Brief descriptive captions
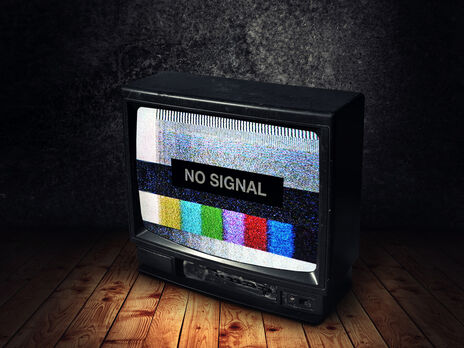 Три телеканали заблокували рішенням РНБО на початку лютого, але вони продовжували мовлення в YouTube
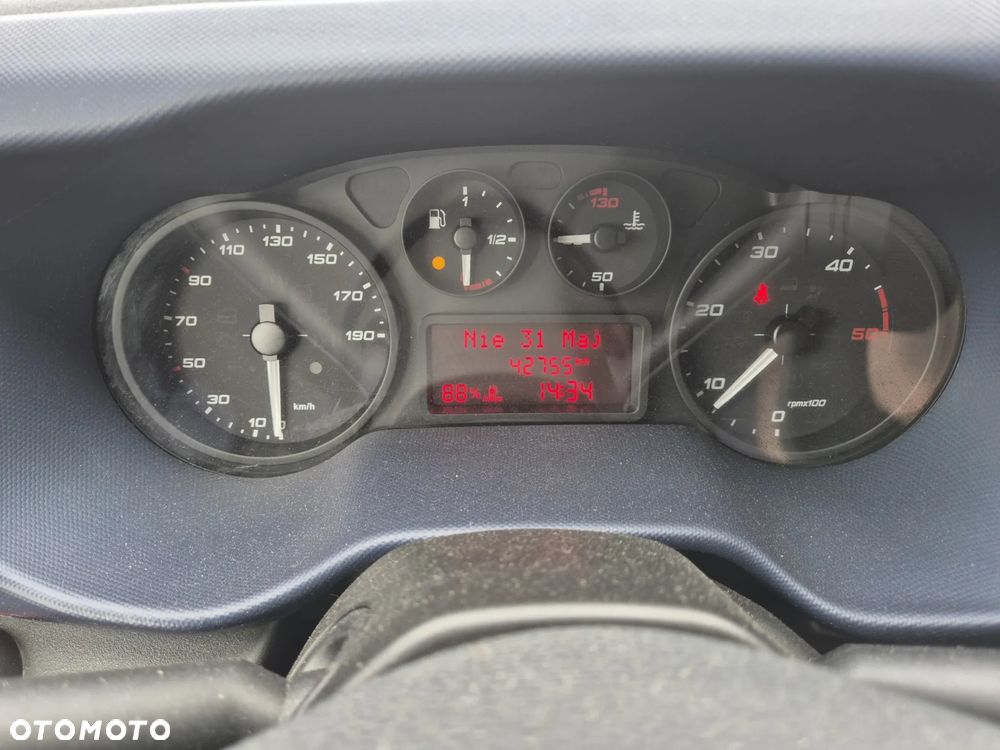 Iveco IVECO 50C18 3.0 180KM/ Blaszak Max/ - 24
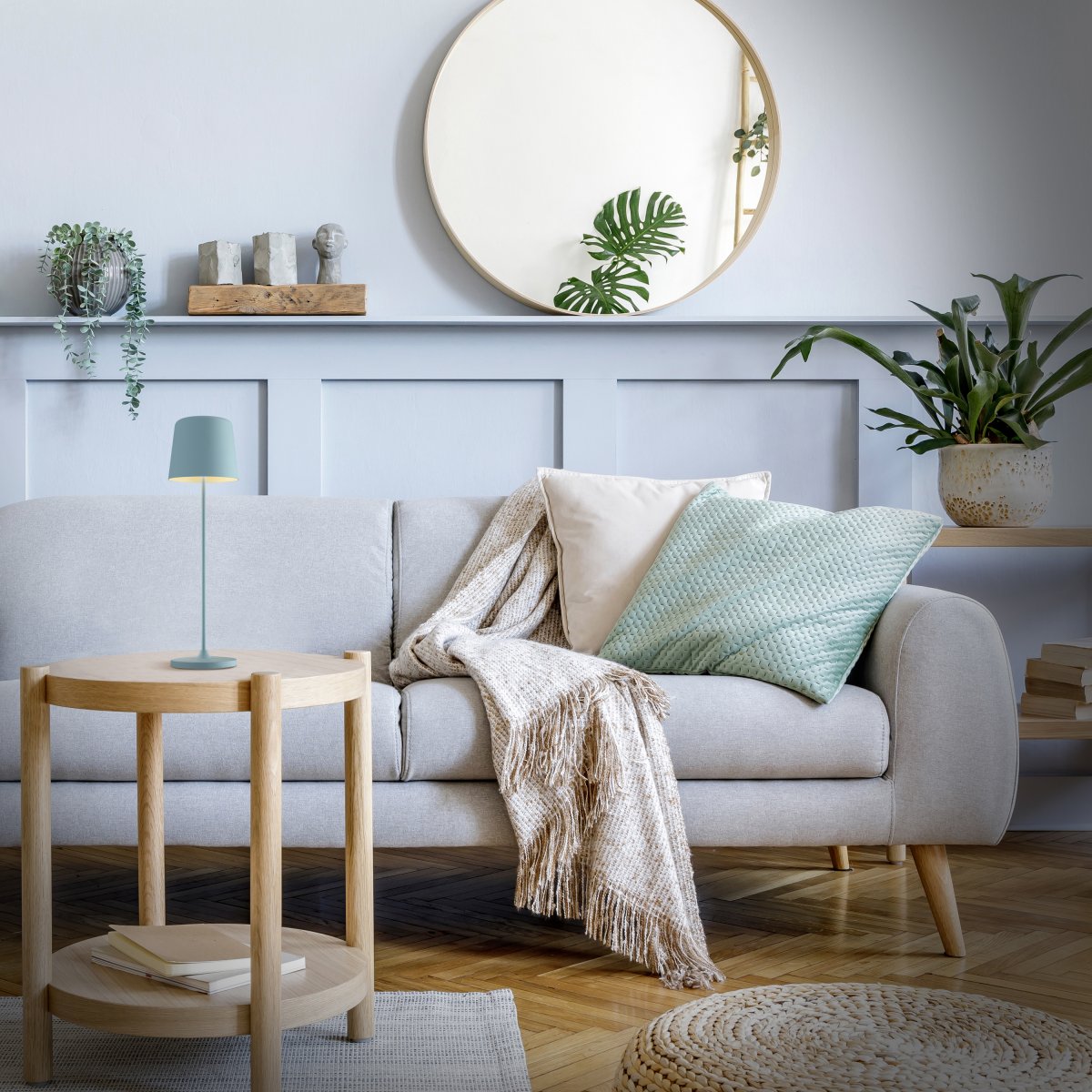 Kaami 37cm Matt blå bærbar Fra Brilliant - Med sin h&oslash;ye IP44-klassifisering er den v&aelig;rbestandig, perfekt for b&aring;de utend&oslash;rs og innend&oslash;rs bruk.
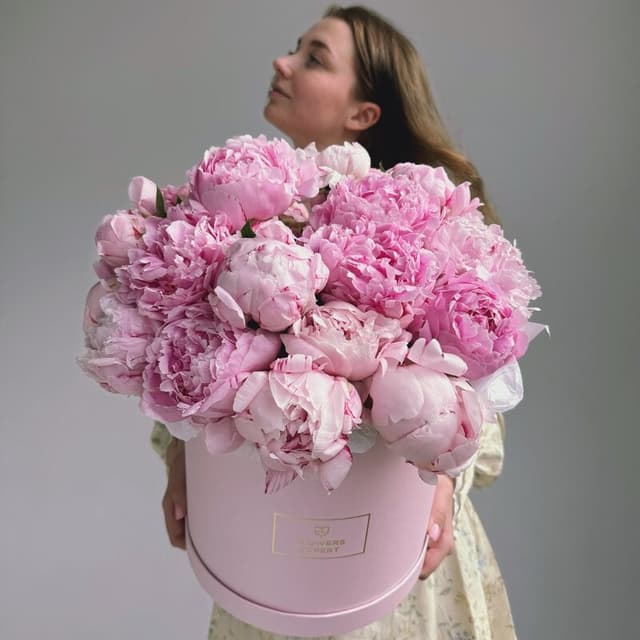 Коробка с 25 пионами "SARAH BERNHARDT"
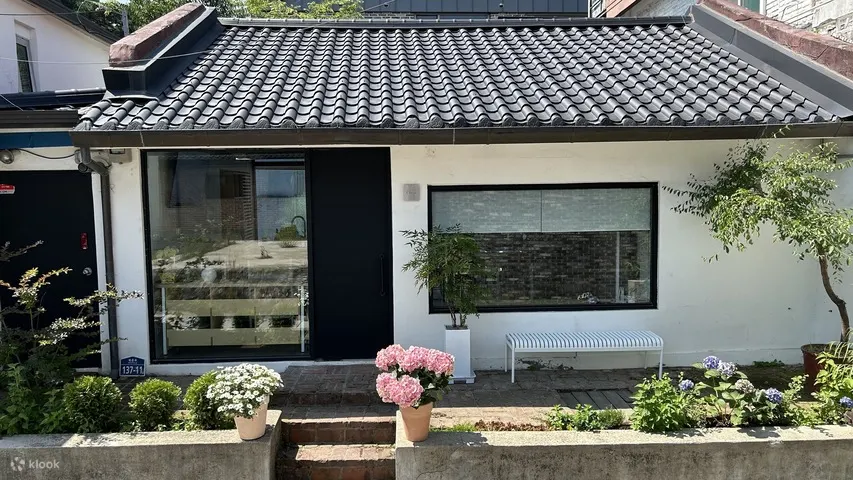 我们的烹饪工作室是一栋传统的韩国房屋，称为韩屋，有庭院，位于北村地区。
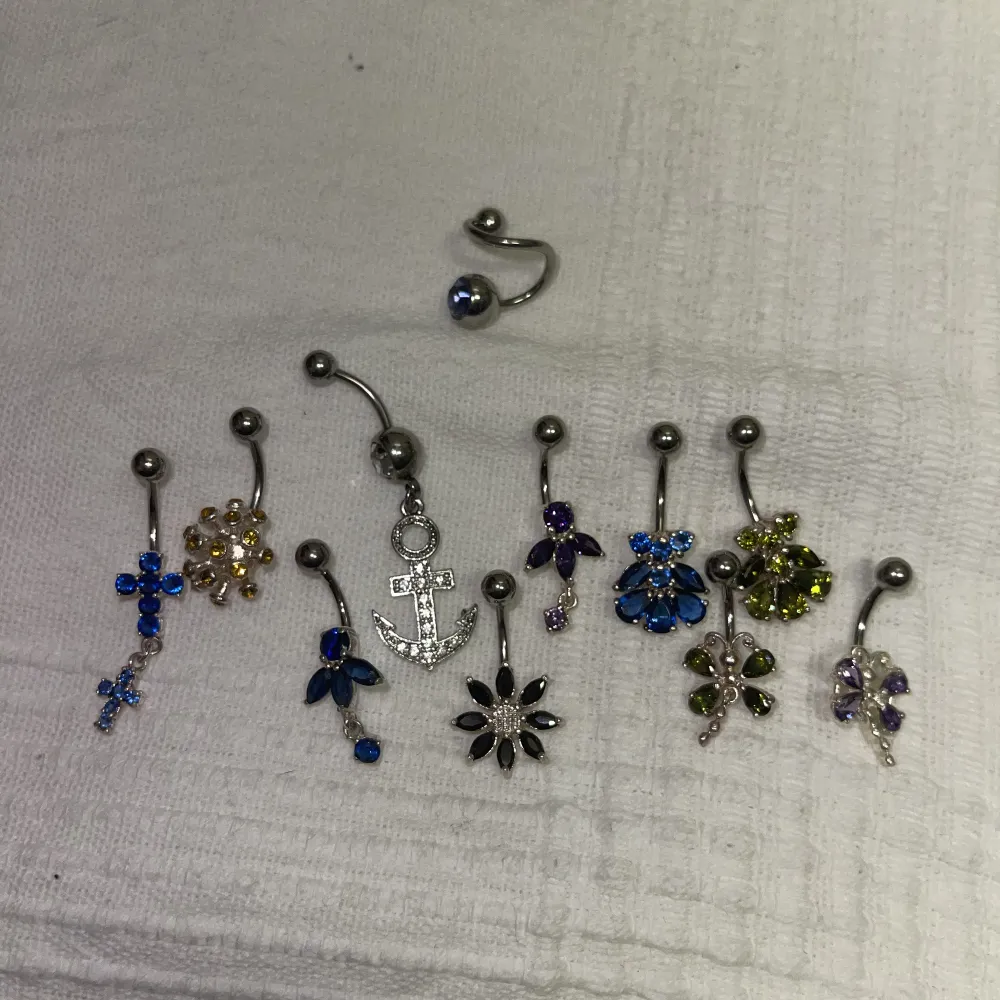 Piercingar i olika modeller. Säljs i 3 pack, välj 3 valfria för totalt 150kr. Be om fler bilder om ni vill. Säljer ej 1 och 1. Minst 3 ❤️. Accessoarer.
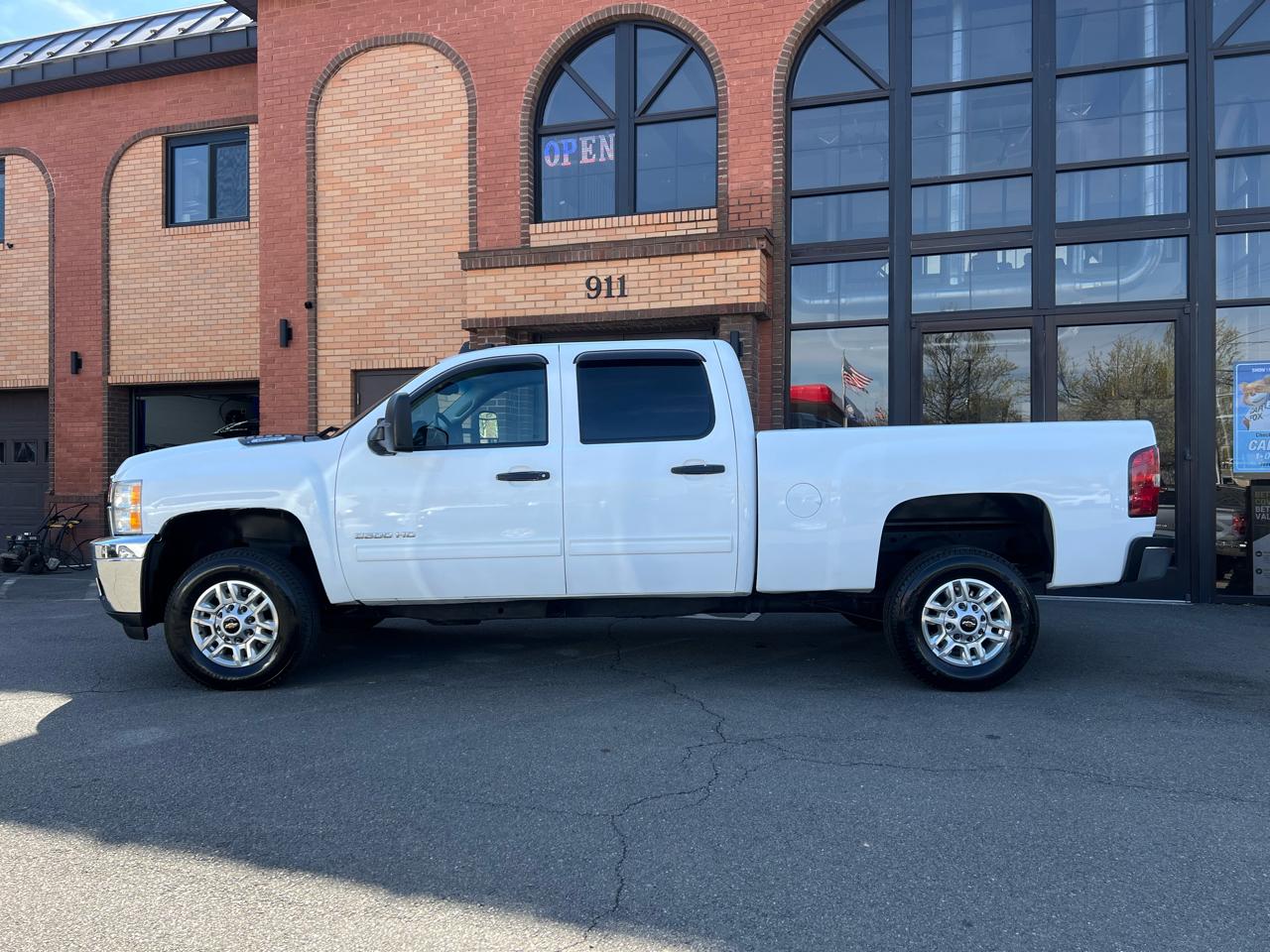 Chevrolet Silverado 2500HD LT Crew Cab 4WD 2013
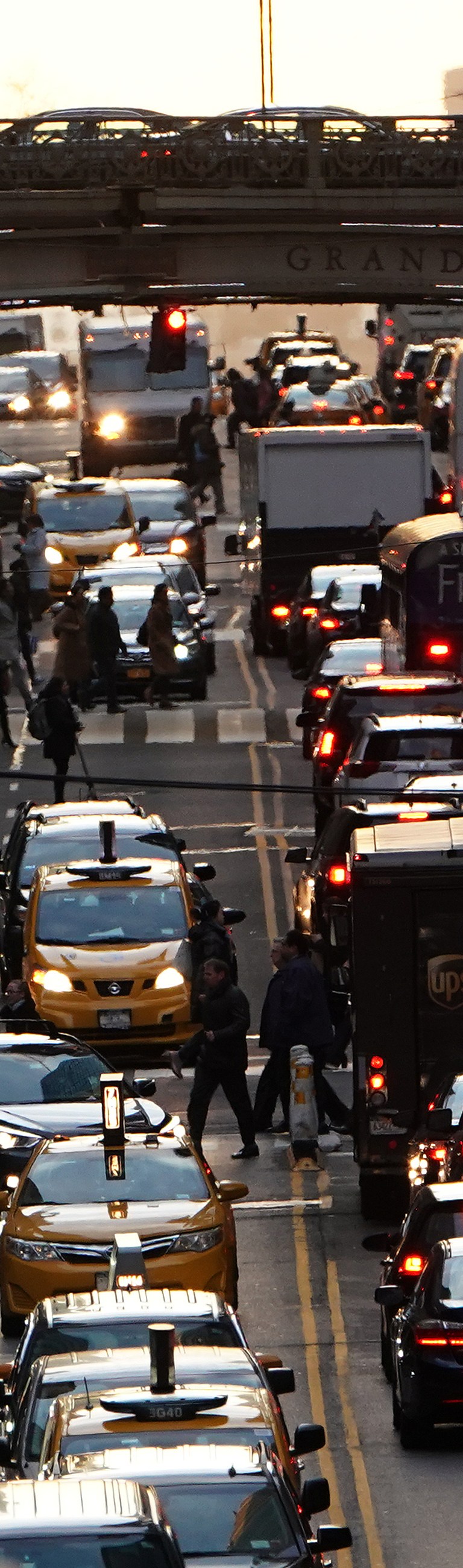 Traffic is pictured at twilight along 42nd St. in the Manhattan borough of New York, U.S., March 27, 2019.   REUTERS/Carlo Allegri - RC1EE0EFBE00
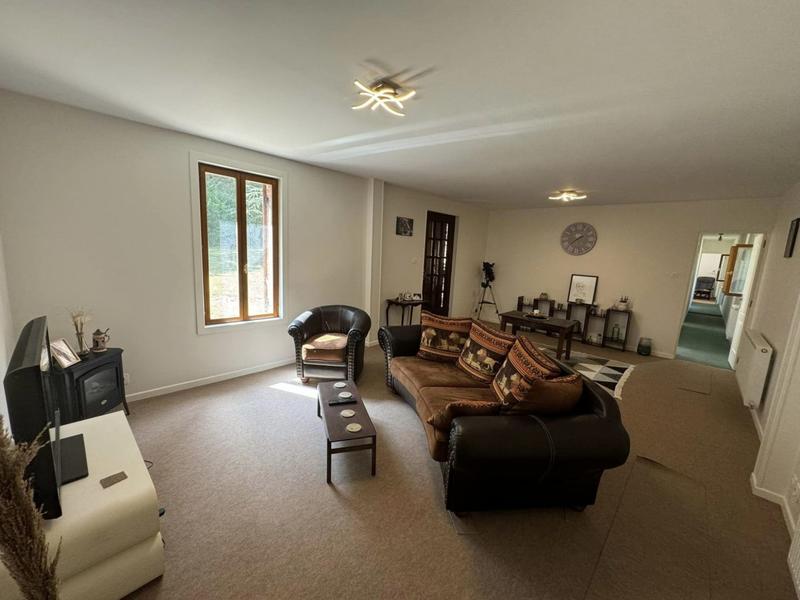 Maison - 218 m² - 12 pièces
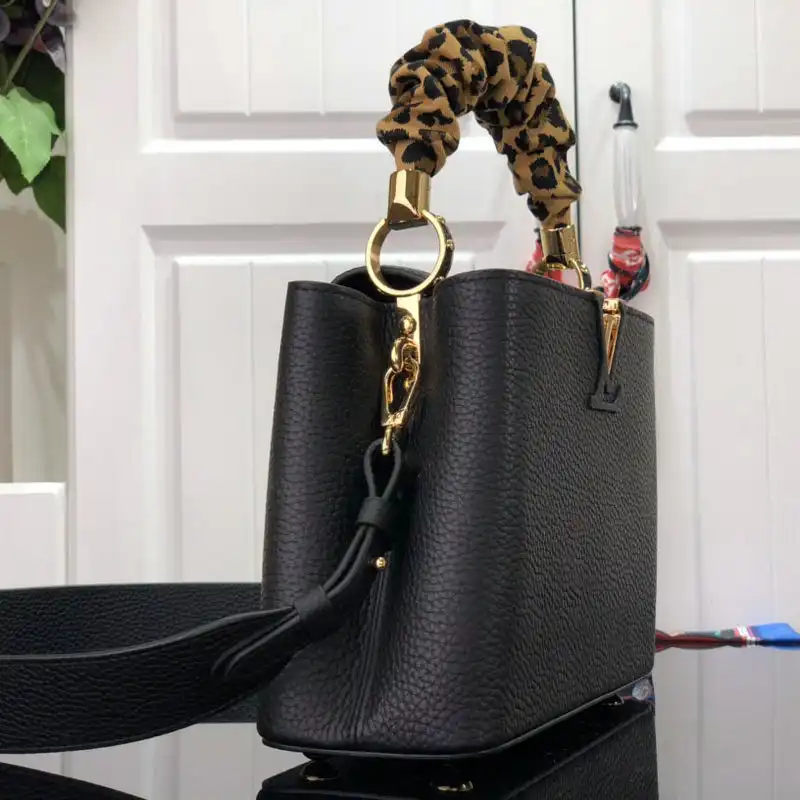 LV Bag 2112FY0051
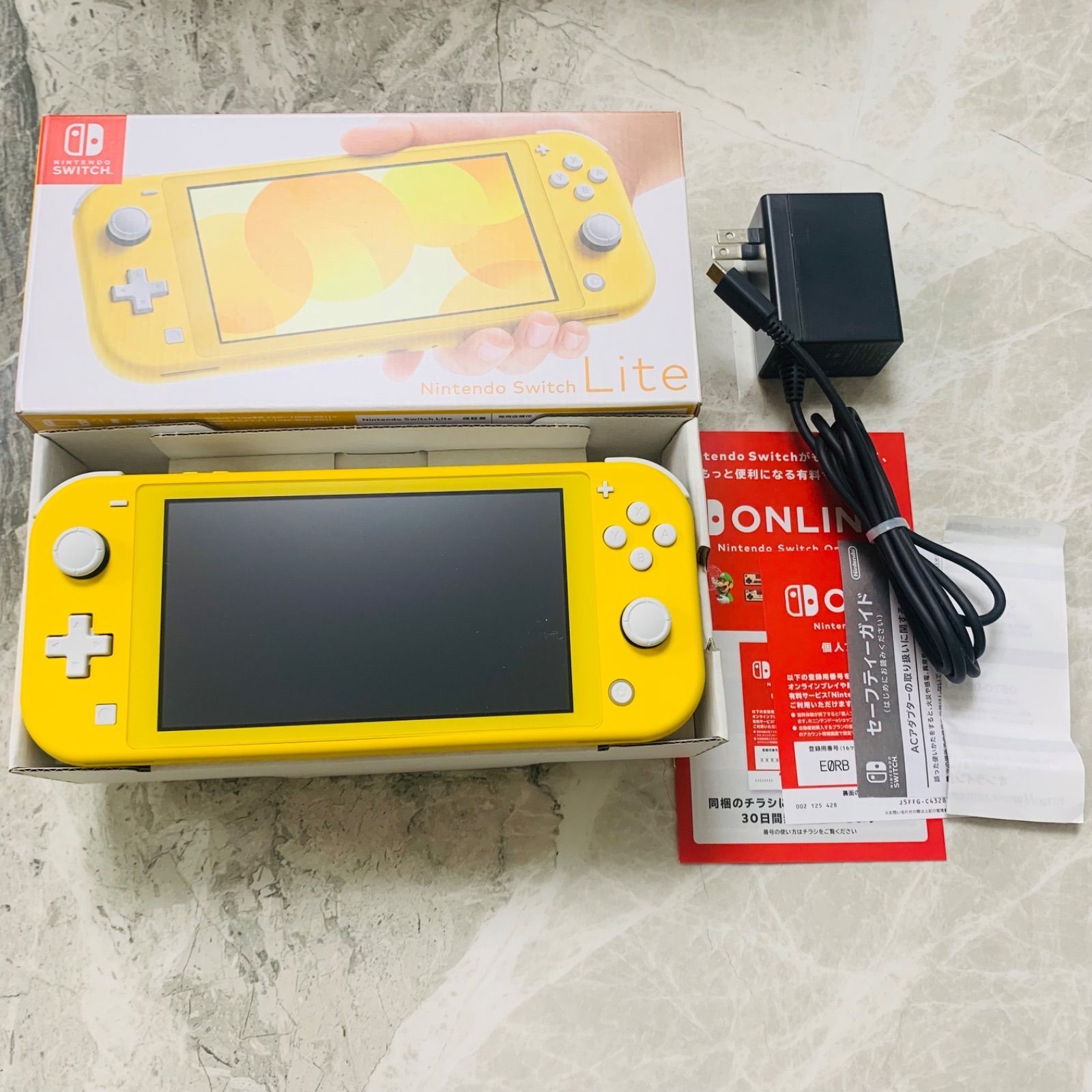 Switch イエロー Nintendo Lite 付属品完備 本体 : 極美品Nintendo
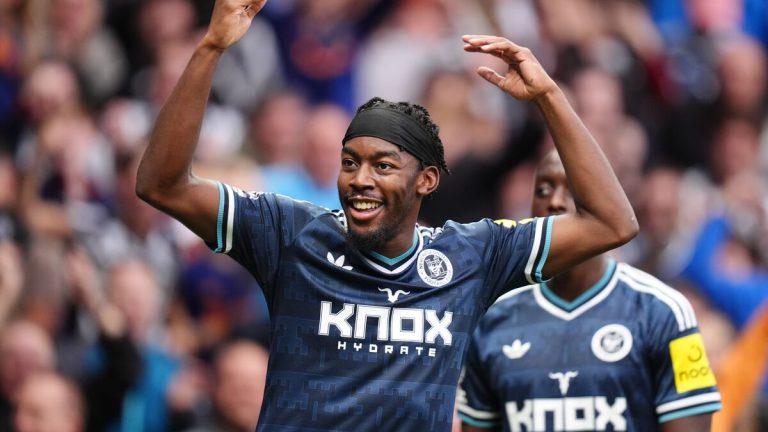 Anthony Elanga gör mål igen när Newcastle leder mot Tottenham på bortaplan.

DIRECTIONS
Once you find the line that contains "Chevrolet Silverado 2500HD", give it again along with every later line through the end of the data, word for word, minus the pictures.

WRITTEN ANSWER
 Chevrolet Silverado 2500HD LT Crew Cab 4WD 2013
 Traffic is pictured at twilight along 42nd St. in the Manhattan borough of New York, U.S., March 27, 2019.   REUTERS/Carlo Allegri - RC1EE0EFBE00
 Maison - 218 m² - 12 pièces
 LV Bag 2112FY0051
 Switch イエロー Nintendo Lite 付属品完備 本体 : 極美品Nintendo
 Anthony Elanga gör mål igen när Newcastle leder mot Tottenham på bortaplan.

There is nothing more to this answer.